Responding to the prison sentence of two years and eight months handed to Hong Kong online radio DJ and political commentator Edmund Wan, better known as “Giggs”, after his conviction for sedition and money laundering, Amnesty International’s China Campaigner Gwen Lee said:
“With this reprehensible jailing of a DJ who dared to speak his mind and finance young protestors’ education, the Hong Kong authorities appear to be expanding the range of tools they use to target people whose views and actions they object to.
“In addition to becoming the latest government critic imprisoned on a colonial-era ‘sedition’ charge, Edmund Wan has also been convicted of money laundering despite the prosecution providing scant evidence against him.
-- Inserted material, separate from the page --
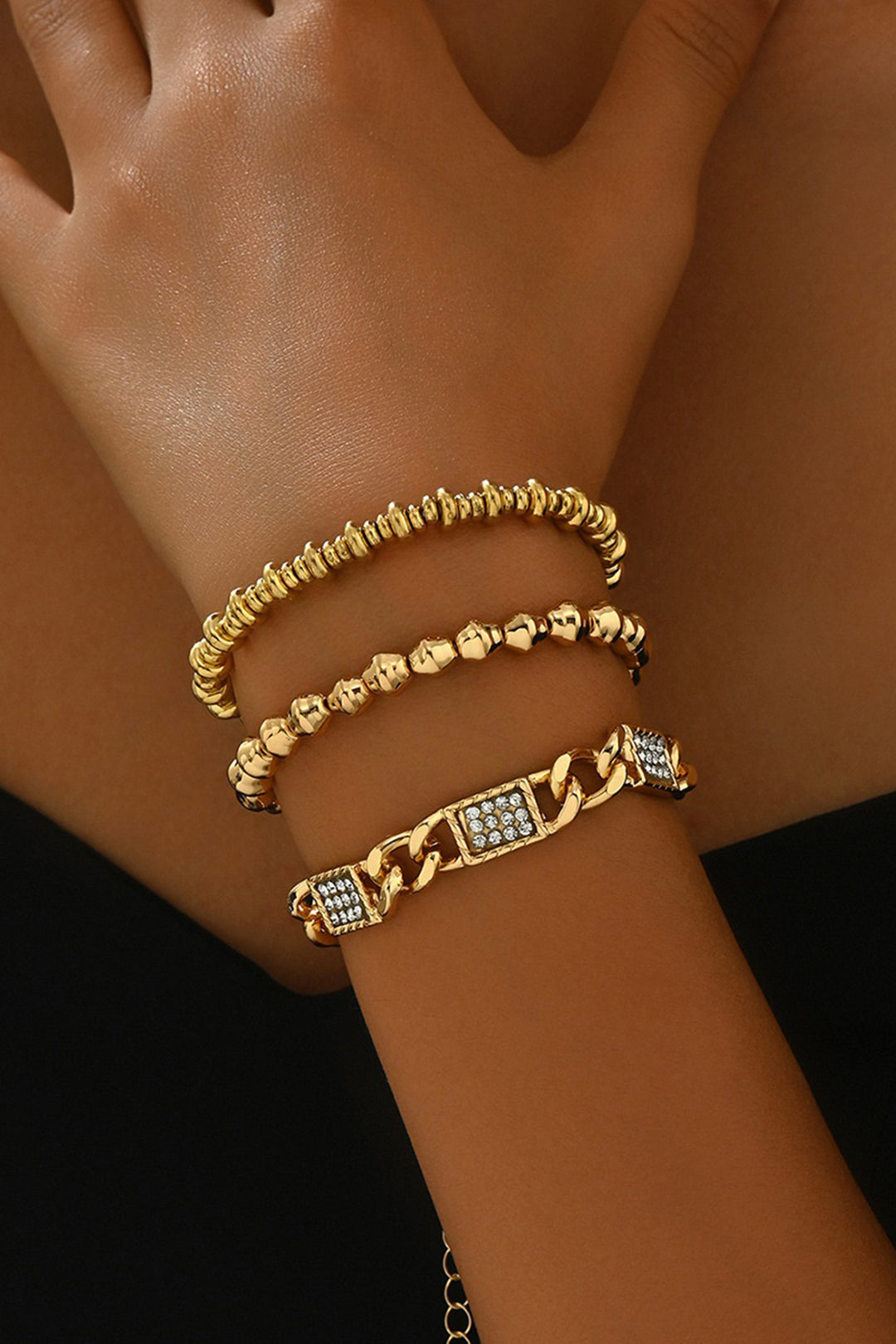 Metal Geometric Rhinestone Bracelet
“Activists in Hong Kong no longer only fear the draconian National Security Law; increasingly, they are also being targeted with a range of other charges that can be abused to punish them.
“Deprived of a jury and facing a curtailed legal aid system – within a judicial system increasingly tilting against the accused in ‘national security’ cases – Edmund Wan’s ability to defend himself has been severely compromised – just as it is for Hong Kong’s many other activists.
“Wan was an outspoken critic of the government on his radio shows and helped set up an education fund for youths who had fled Hong Kong for Taiwan. Today he has been sentenced in connection with both these things.
“Given the Hong Kong government’s zero-tolerance approach to dissent since 2019, it is difficult to believe that his imprisonment is anything other than politically motivated. The authorities must release Edmund Wan and drop all charges against him unless they demonstrate sufficient credible and admissible evidence that he has committed a criminal offence.”
Edmund Wan, or “Giggs”, was today sentenced to two years and eight months on charges of seditious intention and money laundering.
Prior to his arrest, Wan was the host of four shows on an independent online radio station in Hong Kong. He was often critical of the Hong Kong and Chinese central authorities.
In February 2020, he started a fundraiser for sponsoring the education of a group of Hong Kong youths who had fled for Taiwan as the Hong Kong government arrested tens of thousands of young people who took part in the city’s 2019 mass protests.
On 21 November 2020, Wan was arrested under the Hong Kong National Security Law. On 8 February 2021, Wan was instead officially charged with four counts of “acts with a seditious intention” under colonial era sedition laws. He was then charged on 10 May 2021 with an additional five counts of money-laundering and one count of “conspiring to commit an act with a seditious intention”. The “seditious intention” charges concerned his criticism of the Hong Kong Chief Executive and the Chinese Communist Party on his online radio shows and posts. He has been detained for over 18 months.
In May 2022, the prosecution reached a plea deal with Wan, under which six of the 10 charges he was facing would not be prosecuted now, but kept on file if he pleaded guilty to the remaining charges and agreed to the prosecution’s application to confiscate the proceeds of his crowdfunding project.
Since 2020, the Hong Kong government has been using colonial-era sedition charges to stamp out dissent. People charged with sedition have faced some of the same draconian measures as those targeted under the National Security Law, which came into force on 30 June 2020.
In July this year, the United Nations Human Rights Committee expressed concern about the Hong Kong government’s use of colonial-era sedition charges to target people for exercising their right to freedom of expression. It called for the repeal of sedition offences and to end their use to suppress criticism or dissent.